Mentre Sergio Marchionne se ne stava comodamente seduto sulla poltrona di Che tempo che fa e rispondeva alle incalzanti domande di Fabio Fazio, colpiva il modo con cui proponeva sistematicamente l’eguaglianza fra “industria italiana” e “Fiat”, quasi che le due espressioni potessero essere usate come sinonimi. Non è così. Secondo il rapporto annuale Eurostat del 2009 il settore della produzione di mezzi di trasporto in Italia non è affatto fra i comparti industriali più diffusi in termini di valore aggiunto (guidano infatti la classifica i cosiddetti business services e le costruzioni) e non è nemmeno fra i settori in cui il nostro paese mostra la maggiore specializzazione (in testa ci sono il tessile, le forniture di componentistica e le altre attività manifatturiere). La Fiat, casomai, si identifica interamente con l’industria automobilistica nazionale. E questa è un’anomalia tutta italiana, creatasi nel corso degli anni grazie a scelte di politica industriale che hanno liberato la casa di Torino di tutti i concorrenti sul mercato interno. In tutti i principali paesi che si occupano di produzione di auto per i mercati di massa i produttori sono almeno due o tre: Renault e Psa in Francia; Volkswagen, Mercedes-Daimler e Bmw in Germania; Honda, Toyota e Nissan in Giappone; Gm e Ford negli Usa. Una situazione che rende preoccupante la prospettiva del disimpegno di Fiat dal territorio italiano: con lei si chiuderebbe, dopo oltre un secolo, la storia a tratti gloriosa dell’industria automobilistica italiana di massa.

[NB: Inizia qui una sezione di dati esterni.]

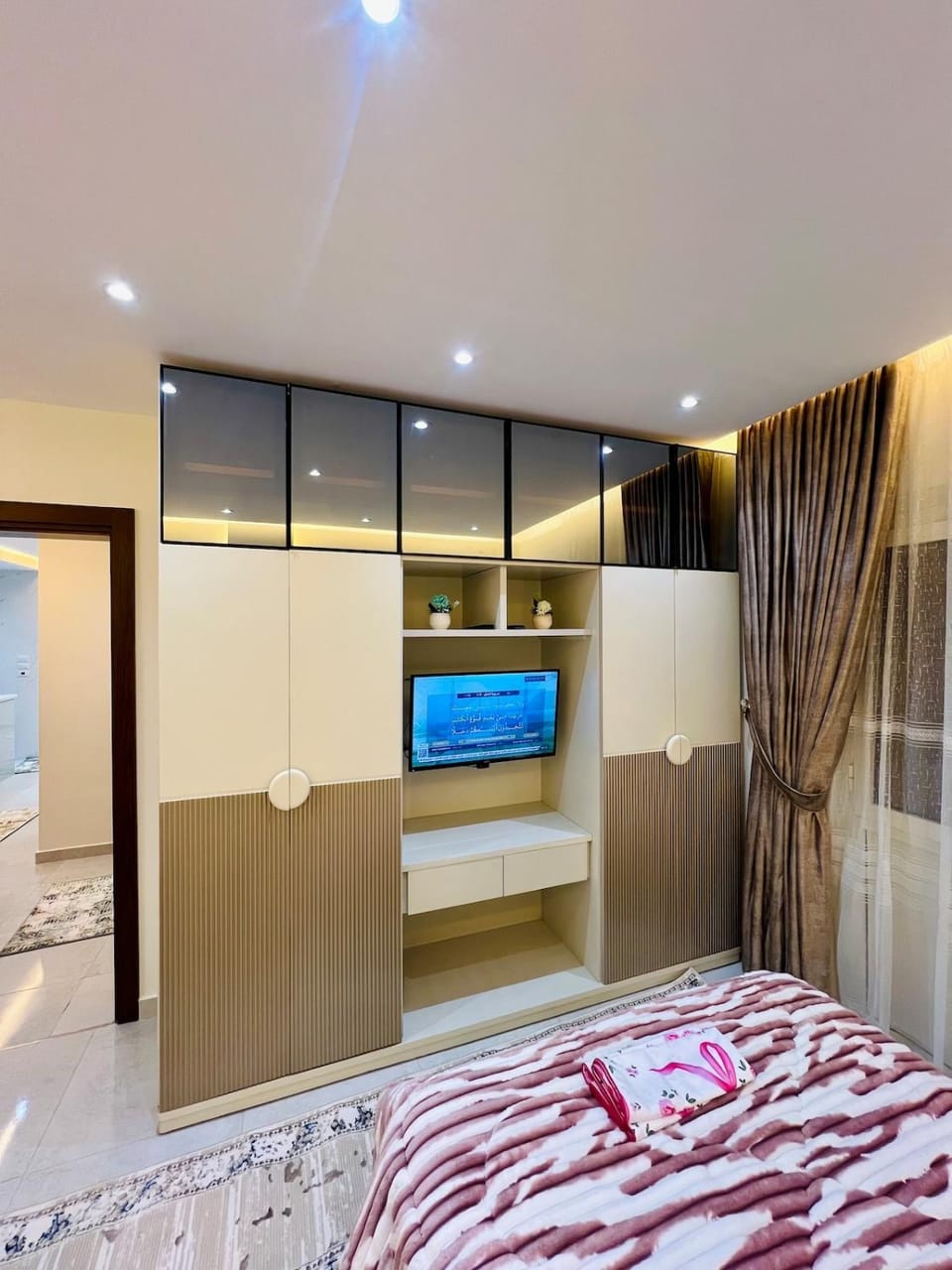 Luxury 3BR Hotel Apartment Next to City Stars Apartment in Cairo Governorate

Questa pressoché totale identificazione fra Fiat e industria automobilistica italiana torna però molto comoda per effettuare alcuni confronti internazionali con gli altri paesi. Anche considerando l’indotto, il settore automobilistico italiano occupa 166 mila persone, poco meno della metà di quante ne occupa in Francia e un quinto di quante ne occupa in Germania. E se è vero – come dice Marchionne – che la produttività italiana del settore è la più bassa fra il quartetto di testa (circa 56 mila euro pro-capite in Italia, contro i 61 della Francia, i 71 del Regno Unito e gli 81 della Germania), questo differenziale è più che colmato dal gap nel costo del personale esistente fra i vari paesi: se un lavoratore italiano ha un costo di circa 40 mila euro annui, questo costa 50 mila euro in Francia, 52 mila in Inghilterra e 66 mila in Germania.
Forse un dato che può aiutarci a capire perché Fiat abbia tutti i problemi che Marchionne lamentava nella sua intervista è quello del valore aggiunto. Il comparto della produzione di auto in Italia ha prodotto nel 2006 qualcosa come 927 miliardi di euro, un risultato che è pari a poco più di metà di quello francese (1627 miliardi di euro) e a un settimo di quello tedesco (6826 miliardi di euro). Sta qui il vero nocciolo della questione: se si vuole continuare a produrre autovetture a basso valore aggiunto è normale che in Europa occidentale non si possano realizzare sufficienti margini di profitto, probabilmente nemmeno con una scala di produzione molto grande. E anche se fosse possibile, non sarebbe saggio produrre autovetture di bassa fascia in Europa sapendo che queste hanno mercato soprattutto nelle economie emergenti. Se ne sono accorte molti anni fa quasi tutte le case automobilistiche continentali che hanno progressivamente spostato la produzione di utilitarie e di veicoli di fascia medio-bassa verso l’Est Europa, l’India e la Cina, conservando invece in casa le automobili che garantivano alti guadagni per unità di prodotto. Si tratta di una questione dirimente per capire quale strada vorrà prendere Fiat, sia nel suo complesso, sia per quanto riguarda i suoi stabilimenti italiani. Eppure proprio su questo Marchionne continua a essere evasivo, liquidando le domande scomode quasi con fastidio, o dando per scontato che dal cilindro dei creativi di Torino salteranno fuori quei 2-3 modelli di alta qualità capaci di annullare in poco tempo il gap di valore aggiunto che ci separa dagli altri paesi europei. La storia recente – si pensi alla Alfa Romeo 156 – non fa ben sperare a riguardo. Di una cosa però siamo certi: annunciare che, facendo un po’ di innovazione di processo e riorganizzando orari e turni, si produrrà la Panda in Italia pagando gli stessi salari che gli operai tedeschi percepiscono per produrre la Passat (che si vende a un prezzo più o meno triplo) è una presa in giro che i lavoratori italiani non si meritano.